▶ _Exercise directions_:
From the listing below, reproduce word for word the part that opens with the line containing "Business woman using" and closes with the line containing "Protection agent standing"; reproduce nothing else.

▶ _Data shown_:
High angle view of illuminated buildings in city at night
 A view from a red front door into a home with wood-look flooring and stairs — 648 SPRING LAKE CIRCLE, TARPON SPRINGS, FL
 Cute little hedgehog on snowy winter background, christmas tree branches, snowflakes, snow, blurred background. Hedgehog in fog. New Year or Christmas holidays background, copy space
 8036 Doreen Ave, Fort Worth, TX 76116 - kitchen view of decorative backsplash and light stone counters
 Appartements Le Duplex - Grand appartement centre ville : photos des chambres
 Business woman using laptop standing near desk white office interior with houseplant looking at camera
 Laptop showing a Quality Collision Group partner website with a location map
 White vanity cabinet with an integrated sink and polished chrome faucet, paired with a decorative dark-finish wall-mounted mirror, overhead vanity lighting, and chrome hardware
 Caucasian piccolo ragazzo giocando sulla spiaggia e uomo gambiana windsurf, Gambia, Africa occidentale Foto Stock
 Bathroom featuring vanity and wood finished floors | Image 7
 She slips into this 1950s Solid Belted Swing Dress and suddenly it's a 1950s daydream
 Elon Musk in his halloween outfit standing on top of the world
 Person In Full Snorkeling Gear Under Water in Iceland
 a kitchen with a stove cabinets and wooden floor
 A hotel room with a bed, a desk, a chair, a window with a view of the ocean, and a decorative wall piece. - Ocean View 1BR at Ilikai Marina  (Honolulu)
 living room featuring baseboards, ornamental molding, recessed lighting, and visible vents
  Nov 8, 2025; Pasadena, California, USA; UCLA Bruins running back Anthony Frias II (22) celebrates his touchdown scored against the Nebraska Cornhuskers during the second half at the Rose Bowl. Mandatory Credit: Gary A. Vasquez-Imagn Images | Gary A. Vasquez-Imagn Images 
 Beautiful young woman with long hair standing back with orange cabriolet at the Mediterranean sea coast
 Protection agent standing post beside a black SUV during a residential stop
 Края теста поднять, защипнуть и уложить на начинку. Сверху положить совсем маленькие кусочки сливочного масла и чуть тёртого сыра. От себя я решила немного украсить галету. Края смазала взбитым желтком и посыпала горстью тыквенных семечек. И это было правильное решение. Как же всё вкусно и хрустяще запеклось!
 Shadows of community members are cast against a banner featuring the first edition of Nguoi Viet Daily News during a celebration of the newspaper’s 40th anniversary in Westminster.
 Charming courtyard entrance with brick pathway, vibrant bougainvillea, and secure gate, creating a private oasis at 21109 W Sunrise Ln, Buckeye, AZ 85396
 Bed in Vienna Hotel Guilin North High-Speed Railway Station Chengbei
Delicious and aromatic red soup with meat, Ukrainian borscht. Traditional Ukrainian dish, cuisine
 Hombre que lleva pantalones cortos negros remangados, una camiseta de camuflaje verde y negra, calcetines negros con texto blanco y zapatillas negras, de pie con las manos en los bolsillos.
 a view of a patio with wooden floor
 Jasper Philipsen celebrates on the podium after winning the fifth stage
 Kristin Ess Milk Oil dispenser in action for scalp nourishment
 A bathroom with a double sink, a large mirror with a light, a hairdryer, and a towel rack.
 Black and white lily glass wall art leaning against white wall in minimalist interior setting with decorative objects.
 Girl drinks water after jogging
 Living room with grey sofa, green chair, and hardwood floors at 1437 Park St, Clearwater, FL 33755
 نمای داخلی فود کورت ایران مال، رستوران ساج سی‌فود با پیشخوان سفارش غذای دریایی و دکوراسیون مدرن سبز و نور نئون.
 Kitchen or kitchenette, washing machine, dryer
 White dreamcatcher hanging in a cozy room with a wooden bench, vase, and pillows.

▶ _Answer to the problem_:
 Business woman using laptop standing near desk white office interior with houseplant looking at camera
 Laptop showing a Quality Collision Group partner website with a location map
 White vanity cabinet with an integrated sink and polished chrome faucet, paired with a decorative dark-finish wall-mounted mirror, overhead vanity lighting, and chrome hardware
 Caucasian piccolo ragazzo giocando sulla spiaggia e uomo gambiana windsurf, Gambia, Africa occidentale Foto Stock
 Bathroom featuring vanity and wood finished floors | Image 7
 She slips into this 1950s Solid Belted Swing Dress and suddenly it's a 1950s daydream
 Elon Musk in his halloween outfit standing on top of the world
 Person In Full Snorkeling Gear Under Water in Iceland
 a kitchen with a stove cabinets and wooden floor
 A hotel room with a bed, a desk, a chair, a window with a view of the ocean, and a decorative wall piece. - Ocean View 1BR at Ilikai Marina  (Honolulu)
 living room featuring baseboards, ornamental molding, recessed lighting, and visible vents
  Nov 8, 2025; Pasadena, California, USA; UCLA Bruins running back Anthony Frias II (22) celebrates his touchdown scored against the Nebraska Cornhuskers during the second half at the Rose Bowl. Mandatory Credit: Gary A. Vasquez-Imagn Images | Gary A. Vasquez-Imagn Images 
 Beautiful young woman with long hair standing back with orange cabriolet at the Mediterranean sea coast
 Protection agent standing post beside a black SUV during a residential stop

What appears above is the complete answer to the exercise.